A double-sided weapon is a weapon designed such that both ends can be used to strike opponents. Even though these are large weapons and require two hands to wield, they do not get 150% of the strength modifier added to the damage inflicted; instead, hits from the main end have the normal (full) strength modifier added to damage, while hits from the off-hand end get half that amount added to the damage.
Wielding a double-sided weapon automatically causes one to be dual-wielding, allowing an extra attack (or two) per combat round and incurring the standard dual-wielding penalties. These penalties are not as severe as possible, as a double-sided weapon's off-hand end counts as a light weapon, and they can be further ameliorated (as usual) with the dual wielding feats (ambidexterity and two-weapon fighting).

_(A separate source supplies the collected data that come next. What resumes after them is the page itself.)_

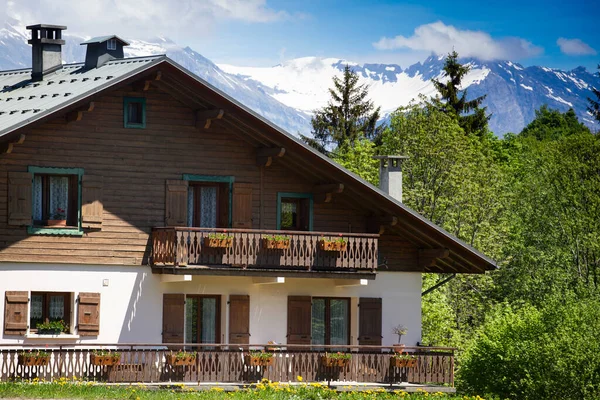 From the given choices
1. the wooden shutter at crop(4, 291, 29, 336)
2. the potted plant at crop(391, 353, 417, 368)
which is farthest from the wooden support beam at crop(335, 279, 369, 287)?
the wooden shutter at crop(4, 291, 29, 336)

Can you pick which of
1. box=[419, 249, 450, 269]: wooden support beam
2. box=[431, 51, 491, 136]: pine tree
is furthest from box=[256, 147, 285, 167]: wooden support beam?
box=[431, 51, 491, 136]: pine tree

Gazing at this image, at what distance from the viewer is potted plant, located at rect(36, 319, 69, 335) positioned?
1105 inches

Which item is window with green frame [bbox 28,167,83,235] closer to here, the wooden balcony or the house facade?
the house facade

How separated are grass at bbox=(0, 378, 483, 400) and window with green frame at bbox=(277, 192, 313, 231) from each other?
4.90 metres

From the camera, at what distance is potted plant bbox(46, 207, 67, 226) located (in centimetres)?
2847

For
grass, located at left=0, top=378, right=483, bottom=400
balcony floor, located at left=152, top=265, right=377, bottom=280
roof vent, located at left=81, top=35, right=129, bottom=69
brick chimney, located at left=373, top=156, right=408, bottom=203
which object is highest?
roof vent, located at left=81, top=35, right=129, bottom=69

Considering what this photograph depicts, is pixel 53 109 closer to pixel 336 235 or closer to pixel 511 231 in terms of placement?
pixel 336 235

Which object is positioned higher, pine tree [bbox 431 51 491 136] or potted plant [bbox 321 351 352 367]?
pine tree [bbox 431 51 491 136]

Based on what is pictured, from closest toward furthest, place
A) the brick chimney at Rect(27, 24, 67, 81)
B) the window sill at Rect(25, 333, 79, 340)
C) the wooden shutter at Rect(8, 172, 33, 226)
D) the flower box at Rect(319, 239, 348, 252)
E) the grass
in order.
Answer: the grass, the wooden shutter at Rect(8, 172, 33, 226), the window sill at Rect(25, 333, 79, 340), the flower box at Rect(319, 239, 348, 252), the brick chimney at Rect(27, 24, 67, 81)

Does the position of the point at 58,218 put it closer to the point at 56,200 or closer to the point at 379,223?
the point at 56,200

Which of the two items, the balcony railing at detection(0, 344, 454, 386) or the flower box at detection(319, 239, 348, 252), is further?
the flower box at detection(319, 239, 348, 252)

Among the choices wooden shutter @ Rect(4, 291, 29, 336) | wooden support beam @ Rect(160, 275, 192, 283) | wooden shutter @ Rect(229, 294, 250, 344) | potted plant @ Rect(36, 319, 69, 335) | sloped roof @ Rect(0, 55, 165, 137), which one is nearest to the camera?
sloped roof @ Rect(0, 55, 165, 137)

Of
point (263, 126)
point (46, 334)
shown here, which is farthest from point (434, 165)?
point (46, 334)

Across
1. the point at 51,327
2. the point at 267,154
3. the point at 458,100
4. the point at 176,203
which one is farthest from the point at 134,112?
the point at 458,100
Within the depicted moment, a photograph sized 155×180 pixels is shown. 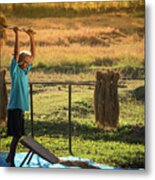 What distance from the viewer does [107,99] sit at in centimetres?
188

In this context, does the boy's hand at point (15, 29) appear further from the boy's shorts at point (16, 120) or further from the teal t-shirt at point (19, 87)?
the boy's shorts at point (16, 120)

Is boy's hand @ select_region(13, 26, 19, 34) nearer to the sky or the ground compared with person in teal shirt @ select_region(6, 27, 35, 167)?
nearer to the sky

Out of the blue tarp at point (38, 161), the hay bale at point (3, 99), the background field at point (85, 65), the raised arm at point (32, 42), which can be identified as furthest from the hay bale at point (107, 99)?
the hay bale at point (3, 99)

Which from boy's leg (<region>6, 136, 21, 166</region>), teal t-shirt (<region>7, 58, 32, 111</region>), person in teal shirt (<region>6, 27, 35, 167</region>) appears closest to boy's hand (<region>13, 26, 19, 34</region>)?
person in teal shirt (<region>6, 27, 35, 167</region>)

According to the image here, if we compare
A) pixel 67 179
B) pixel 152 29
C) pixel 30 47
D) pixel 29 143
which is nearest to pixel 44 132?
pixel 29 143

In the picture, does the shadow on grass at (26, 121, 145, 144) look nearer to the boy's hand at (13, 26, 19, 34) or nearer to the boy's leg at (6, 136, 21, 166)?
the boy's leg at (6, 136, 21, 166)

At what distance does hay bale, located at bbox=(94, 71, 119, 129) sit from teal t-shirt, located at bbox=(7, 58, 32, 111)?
0.29 metres

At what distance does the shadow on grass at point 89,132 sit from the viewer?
1854mm

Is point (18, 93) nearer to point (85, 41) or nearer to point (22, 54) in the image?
point (22, 54)

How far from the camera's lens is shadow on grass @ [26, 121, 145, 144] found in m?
1.85

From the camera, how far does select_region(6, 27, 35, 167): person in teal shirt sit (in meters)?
1.92

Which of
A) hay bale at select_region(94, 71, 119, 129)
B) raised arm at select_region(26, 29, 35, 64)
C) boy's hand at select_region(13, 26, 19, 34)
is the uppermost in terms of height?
boy's hand at select_region(13, 26, 19, 34)

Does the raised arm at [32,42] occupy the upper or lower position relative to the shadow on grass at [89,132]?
upper

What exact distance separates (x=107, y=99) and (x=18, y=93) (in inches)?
14.6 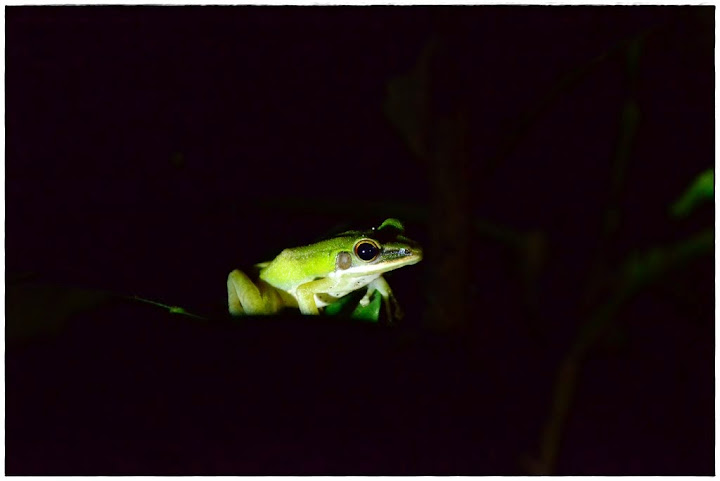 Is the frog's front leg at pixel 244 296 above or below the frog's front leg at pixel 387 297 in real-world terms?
above

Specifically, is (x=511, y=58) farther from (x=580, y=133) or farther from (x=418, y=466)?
(x=418, y=466)

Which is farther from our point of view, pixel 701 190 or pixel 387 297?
pixel 701 190

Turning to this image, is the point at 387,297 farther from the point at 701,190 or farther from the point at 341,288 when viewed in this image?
the point at 701,190

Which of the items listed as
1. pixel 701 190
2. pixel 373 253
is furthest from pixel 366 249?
pixel 701 190

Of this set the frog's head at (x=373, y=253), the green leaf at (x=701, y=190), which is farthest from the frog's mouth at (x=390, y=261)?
the green leaf at (x=701, y=190)

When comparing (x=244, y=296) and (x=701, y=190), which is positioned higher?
(x=244, y=296)

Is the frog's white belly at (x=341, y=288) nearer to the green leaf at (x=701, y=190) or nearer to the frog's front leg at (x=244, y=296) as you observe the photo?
the frog's front leg at (x=244, y=296)

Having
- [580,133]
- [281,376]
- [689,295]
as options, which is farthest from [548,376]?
[580,133] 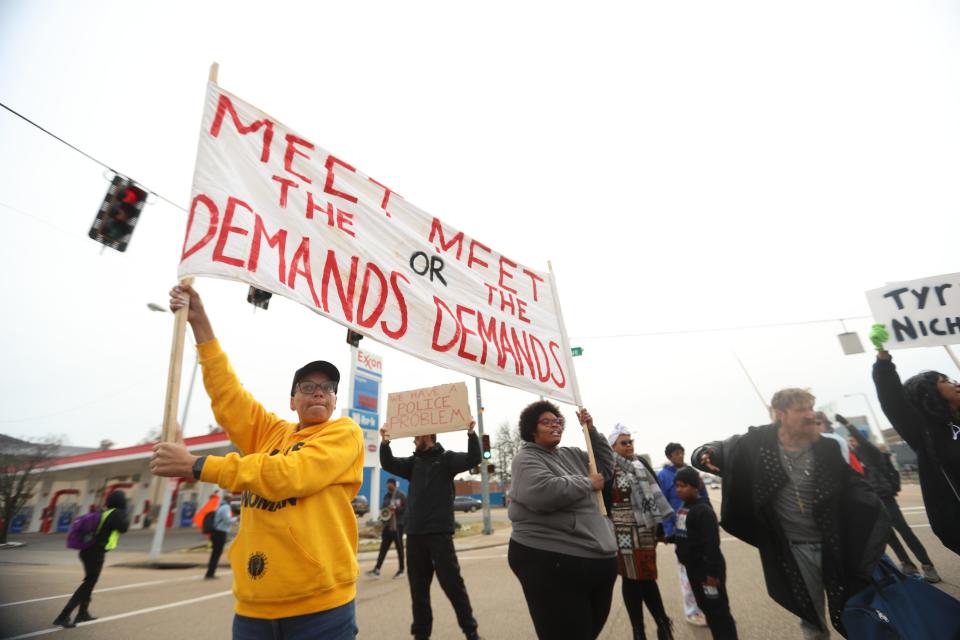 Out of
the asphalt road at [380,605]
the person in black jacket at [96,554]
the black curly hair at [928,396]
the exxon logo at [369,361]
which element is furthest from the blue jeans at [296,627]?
the exxon logo at [369,361]

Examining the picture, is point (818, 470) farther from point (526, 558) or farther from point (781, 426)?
point (526, 558)

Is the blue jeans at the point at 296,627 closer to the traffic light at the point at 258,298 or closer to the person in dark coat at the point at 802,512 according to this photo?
the traffic light at the point at 258,298

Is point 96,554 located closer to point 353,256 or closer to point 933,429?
point 353,256

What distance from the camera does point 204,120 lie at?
8.73ft

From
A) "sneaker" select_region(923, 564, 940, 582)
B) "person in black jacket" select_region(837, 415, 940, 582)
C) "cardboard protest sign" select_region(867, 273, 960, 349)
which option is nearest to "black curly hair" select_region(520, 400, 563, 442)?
"person in black jacket" select_region(837, 415, 940, 582)

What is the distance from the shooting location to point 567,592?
7.99 feet

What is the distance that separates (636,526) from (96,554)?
22.5ft

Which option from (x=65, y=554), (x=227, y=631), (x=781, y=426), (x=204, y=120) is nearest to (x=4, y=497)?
(x=65, y=554)

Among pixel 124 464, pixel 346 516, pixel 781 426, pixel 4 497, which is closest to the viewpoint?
pixel 346 516

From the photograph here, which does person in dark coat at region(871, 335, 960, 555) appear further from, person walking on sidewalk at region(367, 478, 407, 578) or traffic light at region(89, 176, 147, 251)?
traffic light at region(89, 176, 147, 251)

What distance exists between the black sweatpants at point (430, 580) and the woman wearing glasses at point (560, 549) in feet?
4.78

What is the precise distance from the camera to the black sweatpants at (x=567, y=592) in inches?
94.5

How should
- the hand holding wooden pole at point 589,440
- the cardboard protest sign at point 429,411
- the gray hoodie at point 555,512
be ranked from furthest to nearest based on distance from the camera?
the cardboard protest sign at point 429,411, the hand holding wooden pole at point 589,440, the gray hoodie at point 555,512

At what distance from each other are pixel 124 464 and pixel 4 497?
9576 millimetres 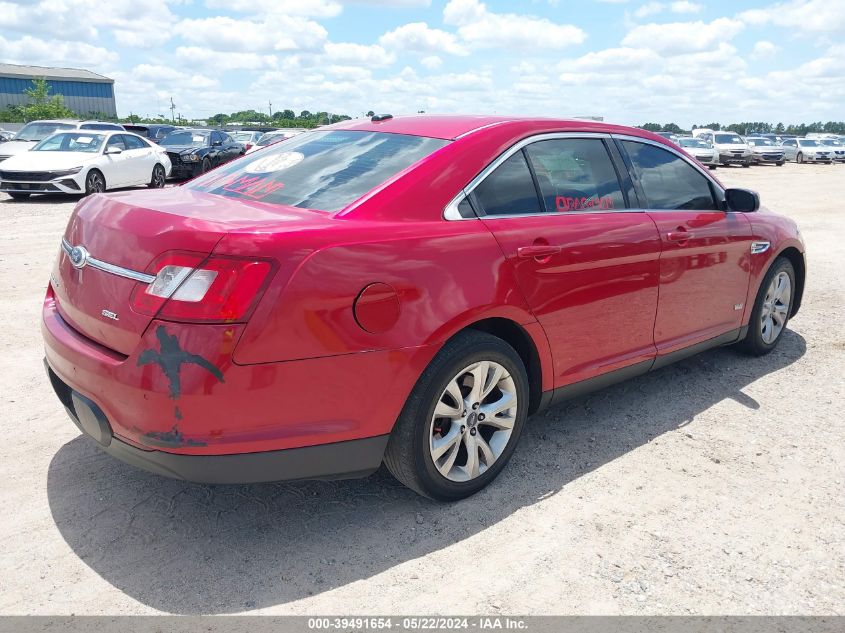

One advantage of using a double-sided weapon instead of two weapons is that both ends inflict base damage comparable to medium-sized (non-light) weapons, yet the attack penalties are those of using a small (light) weapon in the off-hand. Another advantage is that a single spell (such as magic weapon) can enchant both ends of a double-sided weapon, whereas it takes two spells to enchant two weapons. Yet another advantage is that being a single weapon, one only needs to use one feat for weapon focus and/or weapon specialization instead of two, unless using a light weapon in the main hand or suffering the penalties of using a non-light weapon in the off-hand. The major disadvantage of double-sided weapons is that they are exotic, and thus require a feat investment to wield. They also necessitate a weapon switch if a shield becomes desired in some circumstances, which could affect the applicability of weapon-specific feats (such as weapon focus).